Они знали — с голодающими шутки плохи. А люди, стремившиеся к хмурому дому, были голодны. Им и семьям их нечего было есть, потому что у них не было того, без чего простой человек не может существовать, — работы.

Бетховену шел сорок седьмой год. Еще немного — и стукнет полвека. А что он успел приобрести? Громадную известность и ничтожно малое материальное благополучие. Прославленный композитор, по существу, ничем не отличался от безработных бедняг, обездоленных меттерниховским правительством. С одной лишь разницей: они, демонстрируя сообща, могли еще кое-чего добиться, он, одиночка, добиться ничего не мог.

Призрак нужды не отступал от Бетховена. Чтобы избавиться от безжалостного призрака, был один лишь путь — искать заработков. А они, разумеется, лежали в том, к чему не лежало сердце.

Приходилось заниматься всякими поделками, иссушающими ум и вымораживающими душу. Они приносили немного денег и очень много огорчений. Пожилой и больной, изрядно измотанный жизнью человек растрачивал жар души по пустякам, ради куска хлеба. Это было и горько, и обидно, и противно.

«Что касается меня, — сетовал он в одном из писем, — то я брожу с нотной бумагой по горам, оврагам, долинам и строчу кое-что ради денег и хлеба насущного. Я настолько преуспел в этой всемогущей и подлой стране феаков, что вынужден сначала много настрочить ради заработка, чтобы потом выгадать немного времени для крупного произведения».

«Только лишь нищета понуждает меня к подобной торговле своей душой», — с горечью и тоской признается он брату Иоганну.
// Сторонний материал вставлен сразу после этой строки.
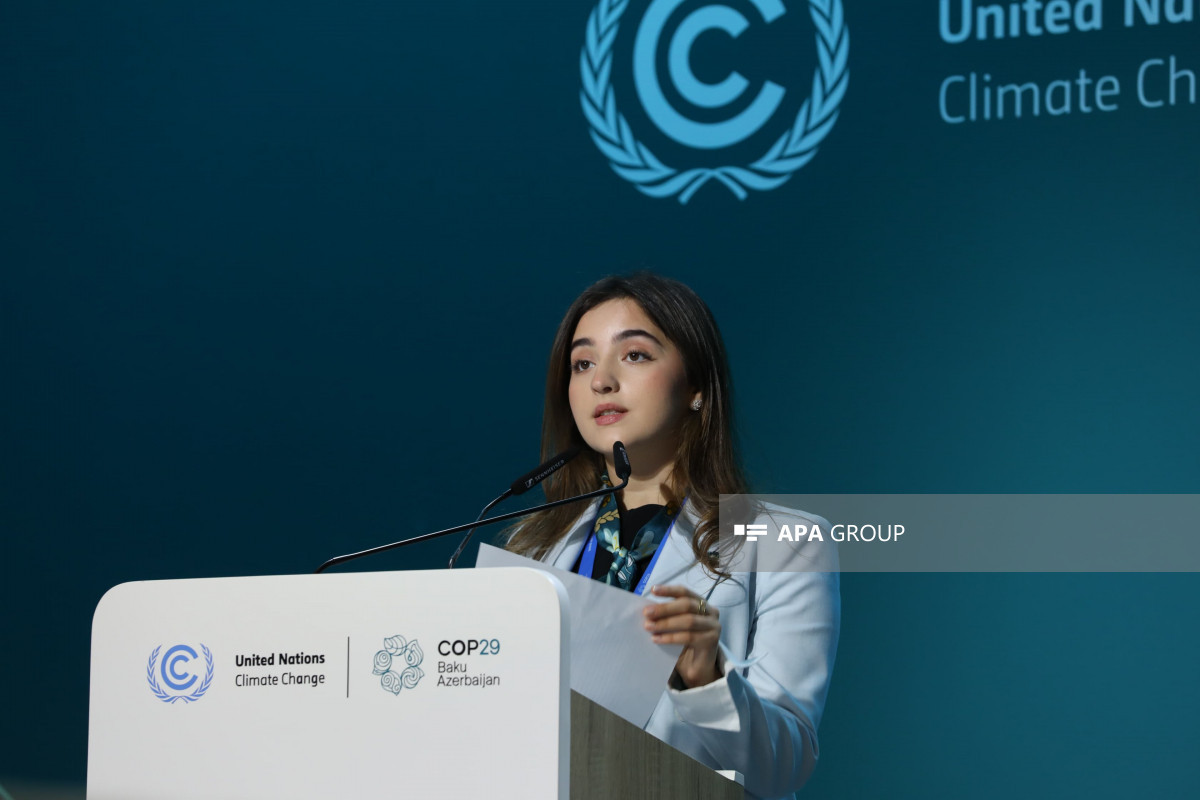 COP29-da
Надо было обладать бетховенской жизнестойкостью, чтобы при всем при том находить время и силы для создания великих творений. А он их создавал вопреки всему и наперекор всему.

Он пишет последние фортепианные сонаты (1817— 1822) — Двадцать девятую, Тридцатую, Тридцать первую и Тридцать вторую. Они не только хронологическое завершение гигантского цикла фортепианных сонат. Они и его художественное завершение.

Последние сонаты подобны высочайшему, неприступному пику, гордо вознесшемуся над прославленными горными вершинами.

В этих сонатах дерзновенный взлет, героический порыв, бездонное философское раздумье, тончайшая лирика, просветление, воистину непревзойденное мастерство.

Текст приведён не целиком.